═══ Supplied information

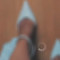 Maara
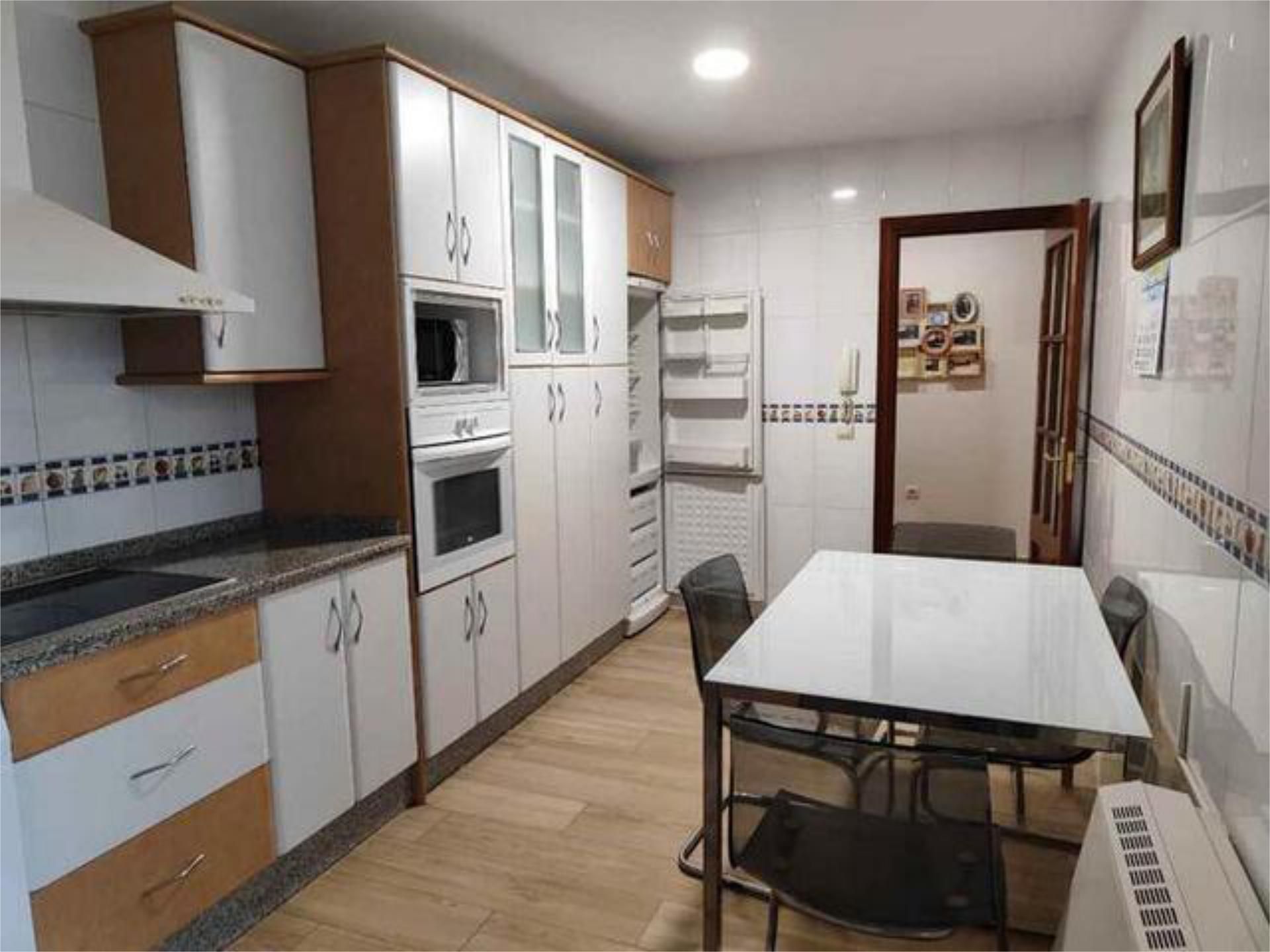 Flat to rent in Montijo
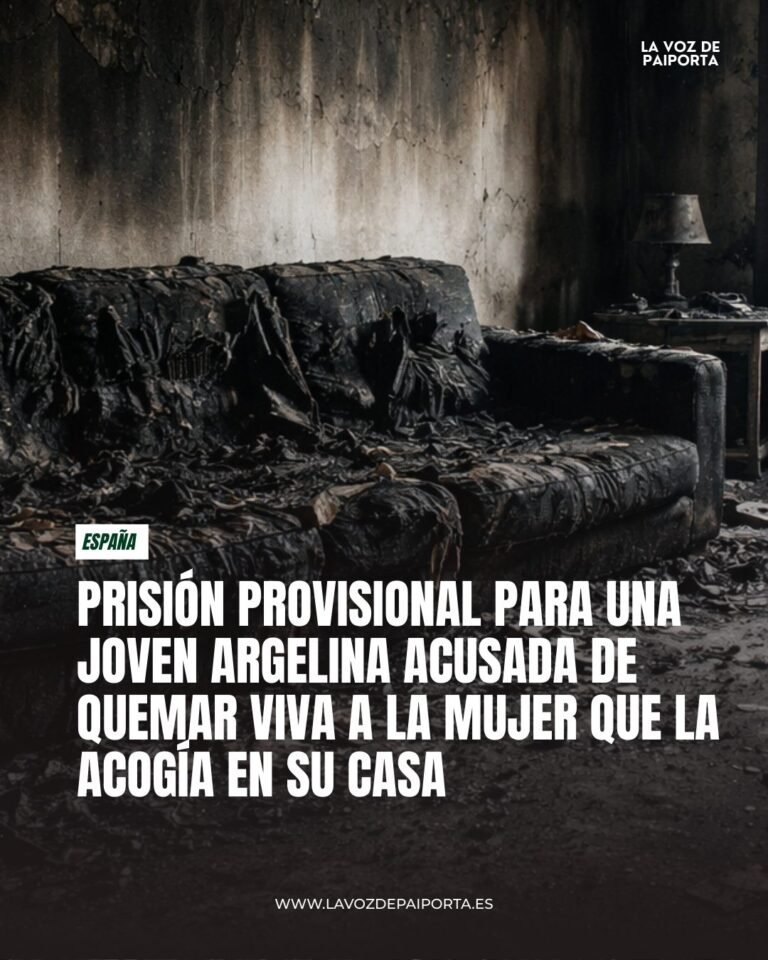 Copia-de-Post-de-Instagram-Noticia-Urgente-Moderno-Rojo-4-opt-1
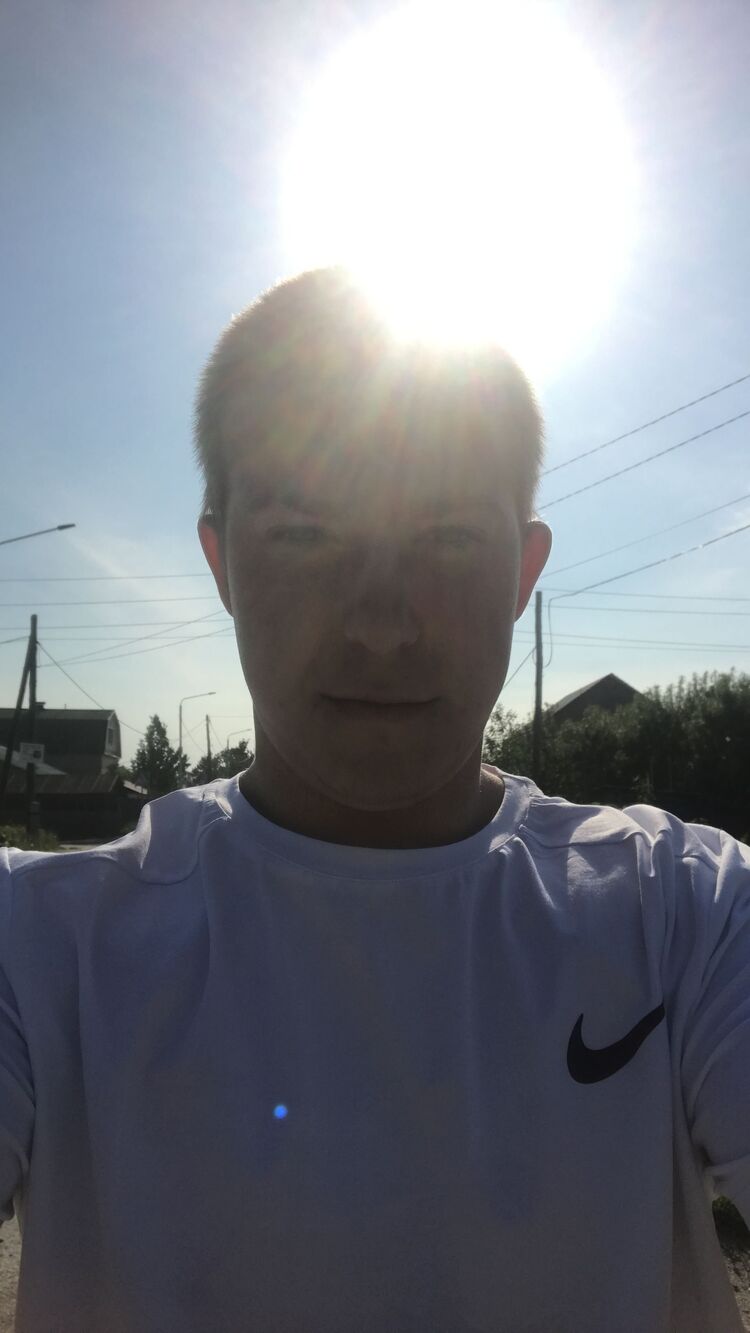  -,   Alexey, 22 ,   ,   , c 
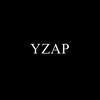 yzap_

══════

-- Problem to solve --
Starting at the line with "Flat to rent in Montijo", write out every line exactly through the final line of the records above, both included, and skip the pictures.

-- Exercise solution --
 Flat to rent in Montijo
 Copia-de-Post-de-Instagram-Noticia-Urgente-Moderno-Rojo-4-opt-1
  -,   Alexey, 22 ,   ,   , c 
 yzap_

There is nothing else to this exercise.